Monday, March 10, 2014

Creating My Fantasy World

Actually, I spent most of the morning inside, online and writing. I intend to turn these stories into as long of a series as I can draw them out. They're about a young queen who is tired of her duties, and her adventures in her kingdom and those around her. They're supposed to be set in a kind of fantasy 30s, with the cars, radios, movies, and clothes of that era...mixed with fairy-tale aspects like dragons, demons, evil sorceresses, enchanted soldiers, wacky witches, and good-natured general store clerks. As of right now, these stories are for me to vent and do some kind of writing. I may show them to one or two other people whom I trust, but they won't be going online at the time being.

I decided to give my DVD player a rest and listen to soundtracks while I made leftovers for lunch. Xanadu and Annie both came out in the early 80s, and they're favorites of mine. Neither have ever been popular with the critics, but their soundtracks are outstanding. There's some fun additions to Annie's song stack - my favorites are "We Got Annie" and the hilarious "Sign!," the latter for Carol Burnett as Miss Hannigan and Albert Finney as Oliver Warbucks. There's also Burnett joining Tim Curry and Bernadette Peters for an awesome version of "Easy Street" and Burnett's classic version of "Little Girls."
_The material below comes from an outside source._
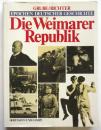 Die Weimarer Republik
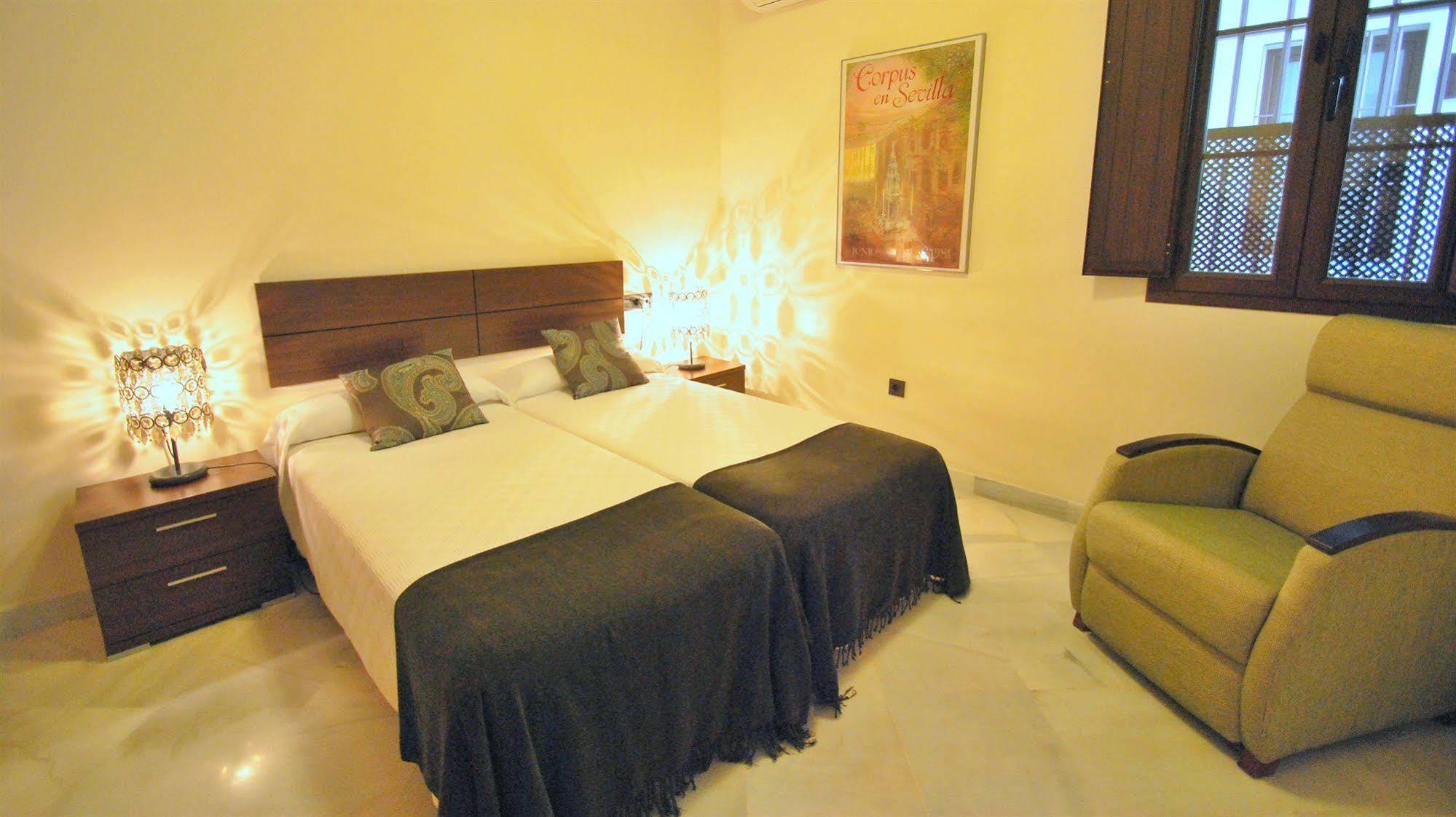 Living-sevilla San Lorenzo Appartement Sevilla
Xanadu is a bit more problematic. The trouble isn't in the music. There's a fine disco/rock score at work here. My favorite numbers are the fun "All Around the World" for the Electric Light Orchestra, the gorgeous ballad "Suspended In Time" for Olivia Newton-John, and her charming duet with Gene Kelly "Whenever You're Away From Me." The movie itself makes no sense whatsoever. Annie at least had its stage pedigree and decades of comic strips to draw on. Xanadu was an attempt at an original story - a muse (Newton-John) comes down to Earth to inspire an artist to create a roller disco. It's a fun flick if you can get with the cheesy vibe and ignore the plot holes, but most people will probably be perfectly content to buy or download the album (or the Original Cast Album for the stage version, which switched things around by playing it as the kitsch it is).

Ran the soundtrack for Thoroughly Modern Millie as I prepared for work. As much as I get a kick out of the movie, the soundtrack is really for Julie Andrews and Carol Channing fans only. They're the only ones heard on the soundtrack, besides James Fox introducing "The Tapioca" and an older woman later in the movie performing "Rose of Washington Square." That said, there's some really cute numbers here, including Channing wailing through "Jazzy Baby" and "Do It Again" and Andrews introducing the title song.

Work was pretty normal for a Monday - steady, not overwhelmingly busy except during rush hour. The nice weather may have helped. It got into the lower-mid 50s here and will be getting even warmer later this week. It did slow down enough by the end of my shift for me to head out with no relief.

1 comment:

Linda said...

Emma, it sounds as if you're writing alternate history stories. They are really popular right now.